What's the purpose of an editor?
- Do you think you have it all figured out when it comes to writing?
- Does "everyone who reads" your work tell you it's "great" and they "love it"?
Well, even those people need editors.
First, a personal story of thinking I had it all figured out with writing:
It's no surprise that growing up, I wrote all the time. I wrote for school, I wrote for fun, I was editor of my high school newspaper, I loved English and Journalism class, I even wanted to major in Journalism (though didn't). Everyone who read my work always applauded it, saying I, and my writing, was words like, "articulate" and "raw." I always would receive such positive feedback on my writing that I built up this confidence, thinking, Maybe I could make a career out of this.
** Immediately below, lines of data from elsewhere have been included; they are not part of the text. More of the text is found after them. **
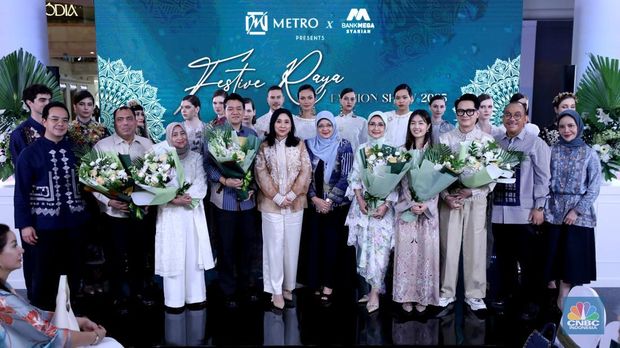 Metro Department Store menggelar Metro Festive Raya Fashion Show 2025 di Plaza Senayan, Jakarta, Kamis (6/3/2025). Dalam gelaran Festive Raya kali ini, Metro menggandeng empat desainer Indonesia dengan karya-karya koleksi Lebaran yang luar biasa.  (CNBC Indonesia/Tri Susilo)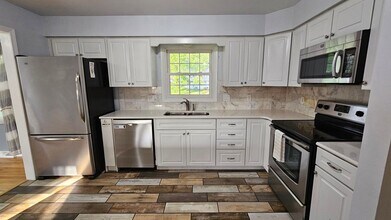 6115 Christman Dr in North Olmsted, OH - Building Photo - Building Photo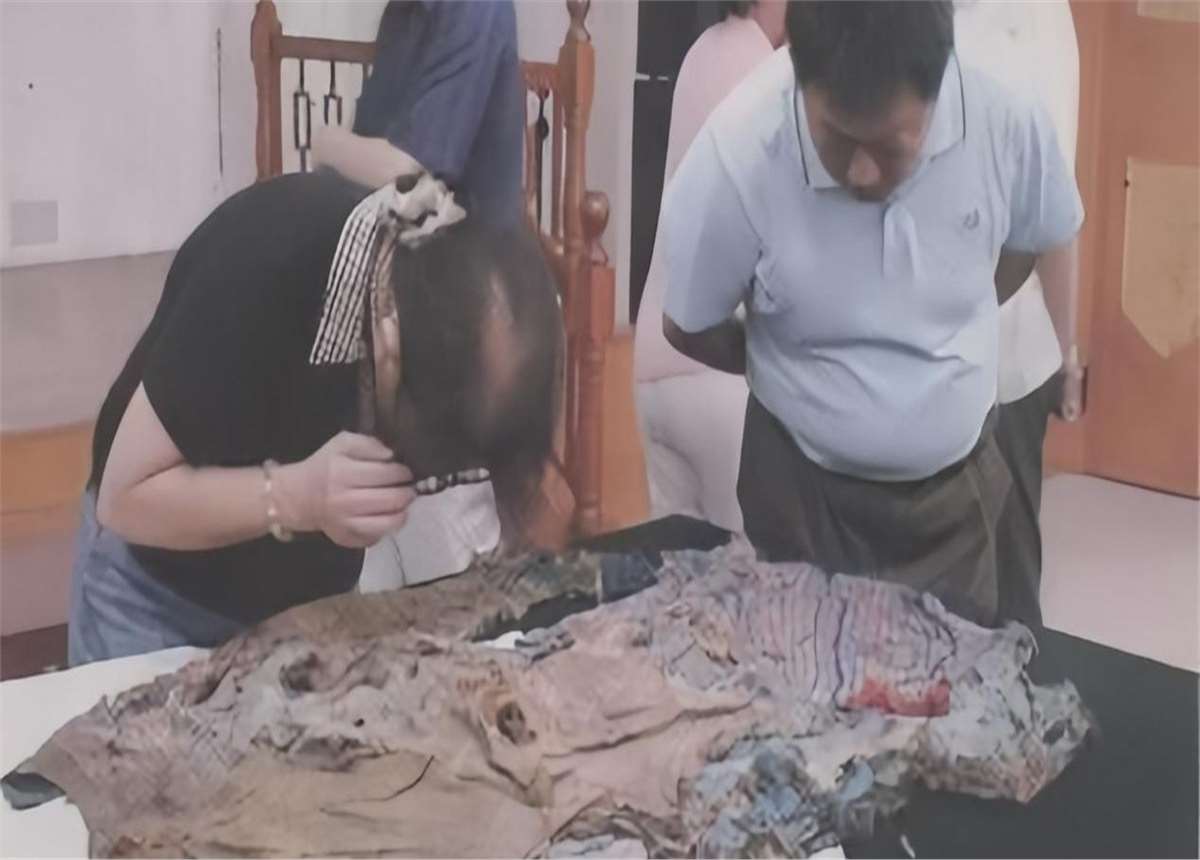 1980年光绪墓开棺老照片:尸体脸朝下左腿断裂,毛发检测竟藏砒霜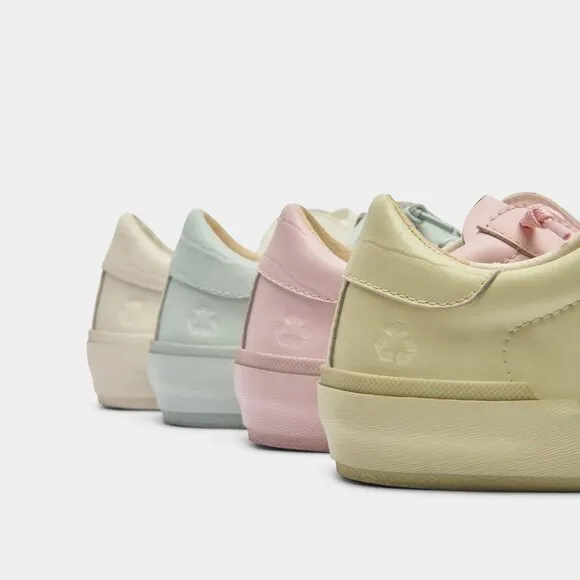 NEW DOLCE VITA Zina 360 Leather Sneakers seafoam color 294M0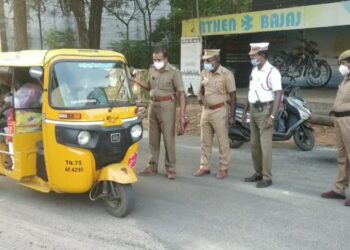 குமரி மாவட்டத்தில் முழு ஊரடங்கு சாலைகள் வெறிச்சோடி காணப்பட்டது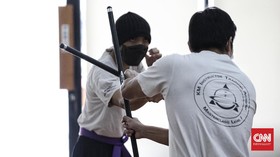 FOTO: Berlatih Seni Bela Diri Warisan Majapahit Kuno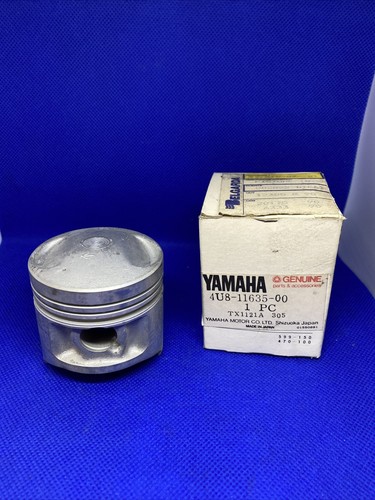 Yamaha 4u8 11635 piston - 4u8-11635-00-00,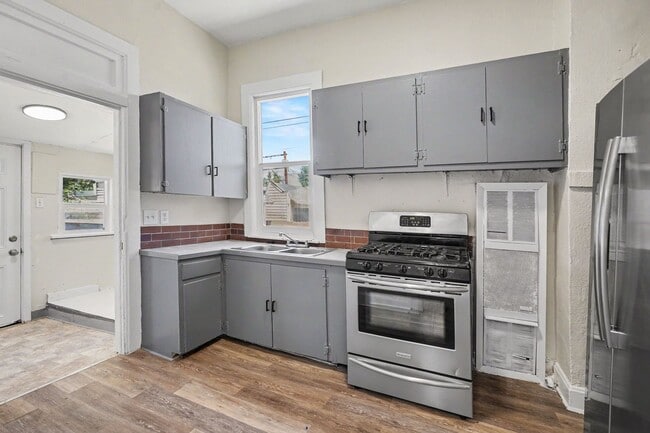 Building Photo - Charming 2 Bed / 1 Bath Duplex with Private Yard & Off-Street Parking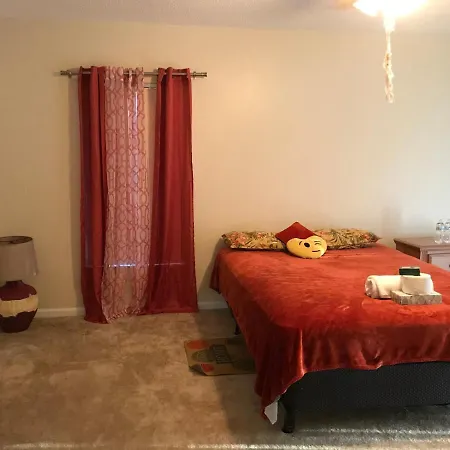 Cozy Guest House Florida, 5801-3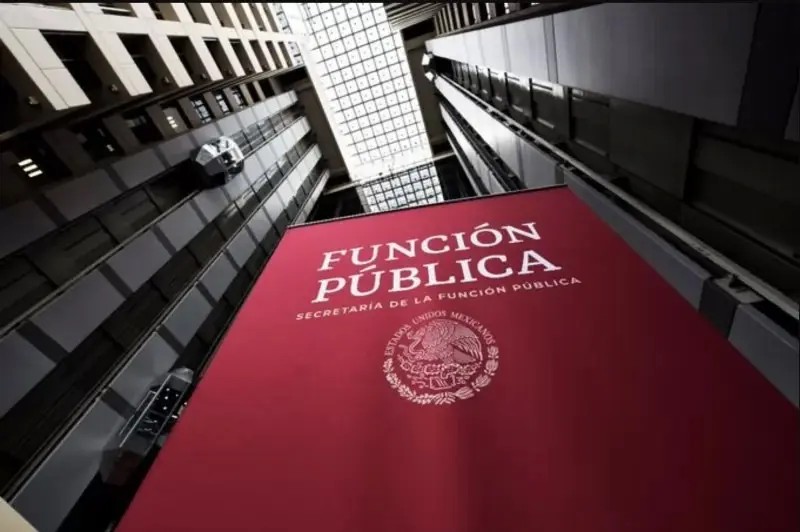 Vinculan a proceso a tres ex funcionarios por expediente de la \"Casa Blanca\"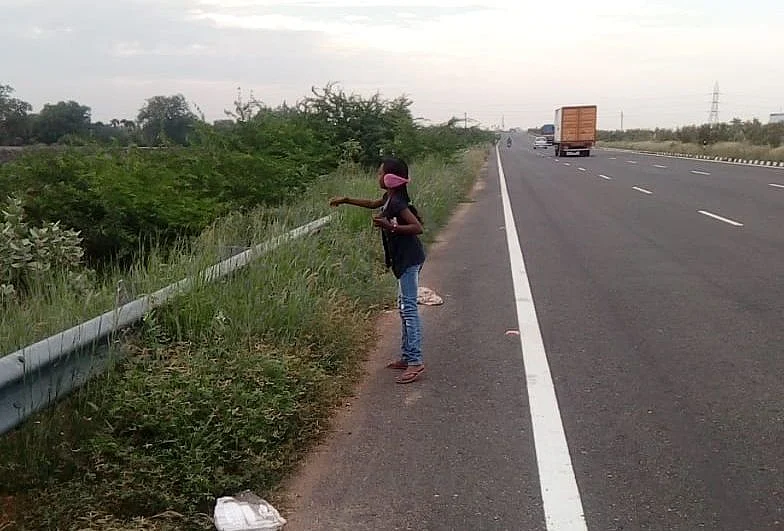 சாலை ஓரம் விதைப் பந்துகள் வீசும் ஷஸ்மிதா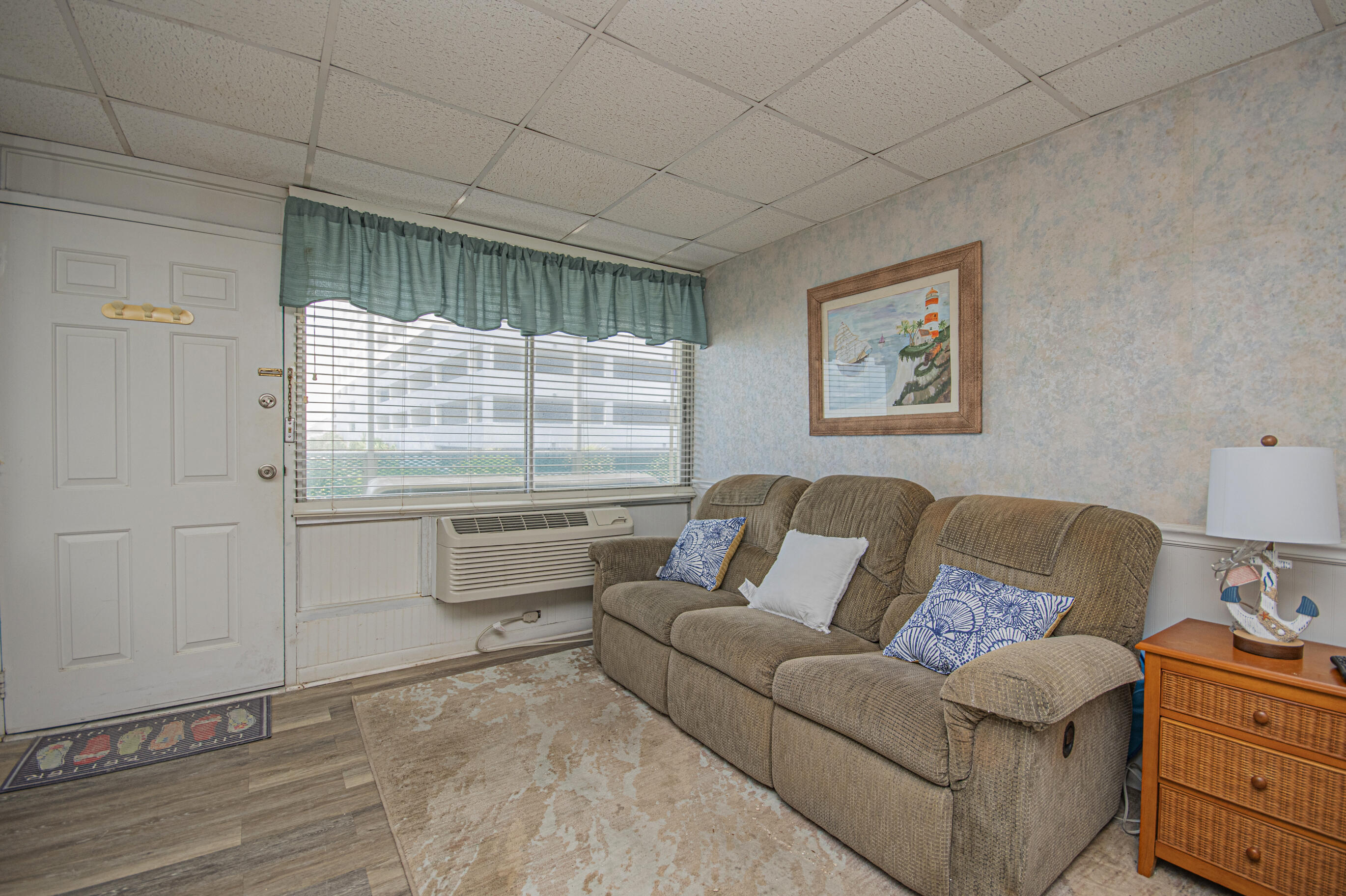 Fontainebleau Terrace - Residential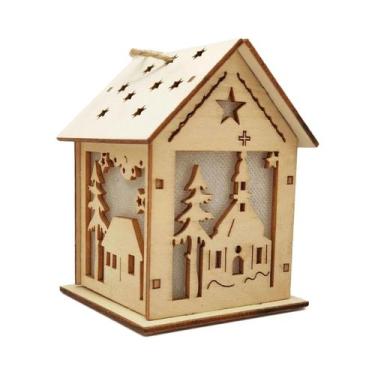 Imagem de Decorações De Natal Artesanais Em Madeira: Cabanas E Enfeites Festivos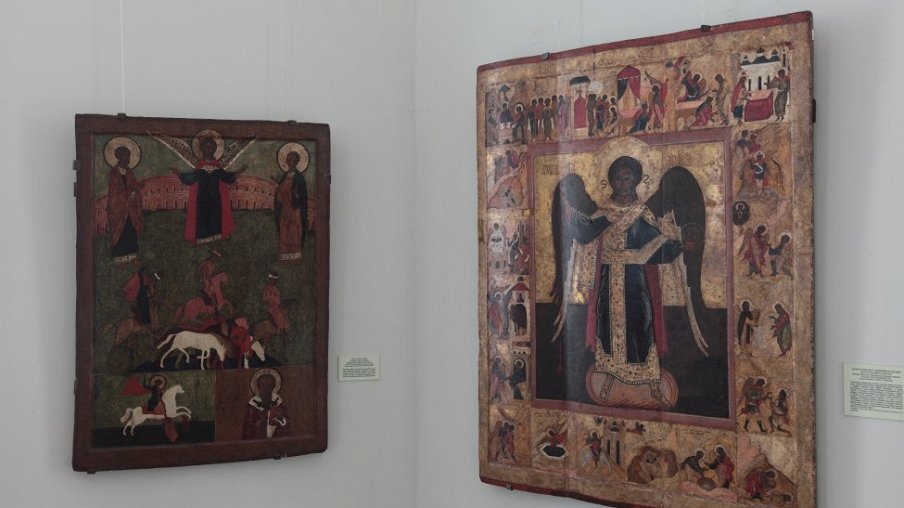 Экспозиция древнерусской живописи – афиша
Enter: English I in college. The assignment was to write a paper (the prompt, I can't quite remember) and I poured my heart and soul into it, thinking, This is surely going to get an A. I followed all the directions and then some. The teacher will love it so much, I was convinced, she'd probably read it aloud to the class. Have it serve as a model for "this is how you should write." Use it as an example on the syllabus. Something.
Imagine my surprise when I got that paper back and it was a B-. Never, had I ever received anything less than an A on any writing assignment. Me? Get a B-? Never. It had to be a mistake.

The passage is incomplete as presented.